かつて陸軍の測量部があって、このあたりを標高の基準にすえて日本地図が作られたらしい。それにしても、この公園は人にあまり知られていないから、とてもよいデートスポット。まぎれもない日本国の中心。永田町で恋が語れるなんて……。三方にひだを広げた時計塔があって、
「これ三権分立を表しているんだって」
「あら。あなたは経済力と容姿のよさと性格のよさと三つ表しているかしら?」
「うん?」
阿刀田 高
4 加藤清正邸跡/井伊掃部頭(かもんのかみ)邸跡
この掲示板は公園の中にはありません。
公園の内堀通り側にありました。
通る人に分かるようにとの配慮だと思いますが、あまり人通りの多い道には思えません。
井伊家の菩提寺は世田谷の豪徳寺にあります。
永田町一丁目1番と8番(国会前庭北地区と、その西側の一角)には1596年~1615年(慶長年年間)から熊本藩(現在の熊本県)藩主加藤清正の屋敷がありました。

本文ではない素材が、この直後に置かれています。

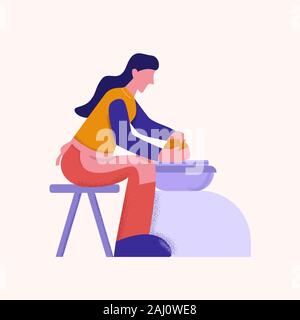 Female cartoon potter making pot of clay on potters wheel big limbs style side view Stock Vector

加藤家は2代忠広の時に、謀反の疑いをかけられ、1632年(寛永9年)に改易となり、屋敷も没収されました。
同年、彦根藩(現在の滋賀県)藩主井伊家がその屋敷を拝領し、明治維新まで上屋敷としました。
歴代当主は、掃部頭(かもんのかみ)を称しました。
幕末の大老井伊直弼は、1860年(安政7年・万延元年)3月に、この屋敷から外桜田門へ向かう途中、水戸藩士らに襲撃されました。
なお、加藤清正邸跡は、1955年(昭和30年)3月28日に、東京都指定旧跡として文化財指定されています。
桜田門は井伊家跡のすぐ近くです。
5 江戸の名水「櫻の井」
今の場所より10m位お堀側にあったとのことです。
名水と言われるほど良い水が湧いていたのでしょうか。
今では信じられません。
東京都指定旧跡 江戸の名水「櫻の井」
「櫻の井」は名水井戸として知られた「江戸の名所」で、近江・彦根藩井伊家上屋敷の
表門外西側にあったが、ここは加藤清正邸跡(都旧跡)で、清正が掘ったと伝えられている。

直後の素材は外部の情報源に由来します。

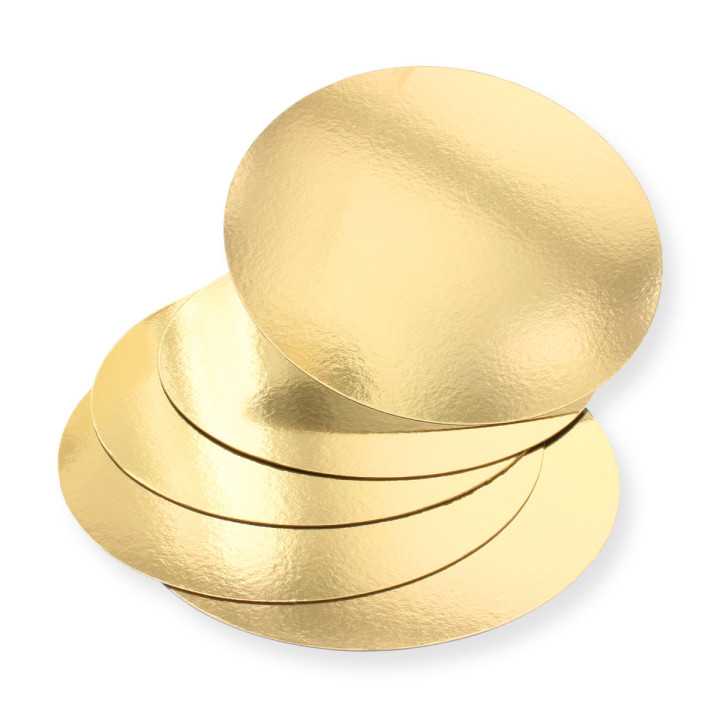 5 supports à gâteaux ronds dorés 28 cm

三連式釣瓶井戸で、縦約一.八メートル、横約三メートルの石垣で組んだ大井戸で
三本の釣瓶を下ろし、一度に桶三杯の水が汲め、幕末当時江戸城を訪れる通行人に豊富な水を提供し、重宝がられた。
江戸名所図会に絵入りで紹介され、 歌川(安藤)広重の「東都名所」の「外櫻田弁慶櫻の井」(天保十四年(一八四三)(図)にも描かれている。
安政7年(一八六0)三月三日には大老井伊直弼がこの井戸の脇から登城途中、暗殺された。

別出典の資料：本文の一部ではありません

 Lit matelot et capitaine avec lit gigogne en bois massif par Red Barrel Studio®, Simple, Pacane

大正七年(一九一八)史蹟に定められ、東京都は昭和三十年(一九五五)旧跡指定。
昭和四十三年(一九六八)道路工事のため交差点内から原形のまま十メートル離れた現在地に移設復元された。
平成一九年(二00七)彦根城築城四00年祭と東京金亀会設立90周年に記す
平成19年10月
東京金亀会(滋賀県立彦根中学校・彦根東高等学校同窓会)
東京都教育委員会
6 時計塔
公園の中心です。
すぐそばの尾崎記念会館も緊急事態宣言で閉鎖中のため、訪れる人も少なく、閑散としていました。
時計塔
この時計塔は、尾崎記念会館(現 憲政記念館)建設時に、その施設の一環として、塔全面の噴水池・花壇とともに設計され、昭和35年(1960)7月に完成した。
三面塔星型は、立法・行政・司法の三権分立を象徴したものである。また、塔の高さは、「百尺竿頭一歩を進む」ということわざの努力の上にさらに努力して向上するの意味から、百尺(30.3メートル)より高くした31.5メートルに設定された。
時計は、時間を厳守した尾崎行雄を称えてスイスから贈られたものであったが、現在は国産のものに改修されている。
チャイムは、10時・13時・17時・22時の4回鳴動する。これは、衆議院、参議院の会議開会時刻と退庁、就寝時を標準にしたもので、その音響は静寂時には5キロメートル周囲に響き渡った。
日本語が変ですが、今は鳴るのか鳴らないのか。
7 日本水準原点
古くからの台地上にあり、地盤沈下の影響を避けることができることからここを日本の原点としました。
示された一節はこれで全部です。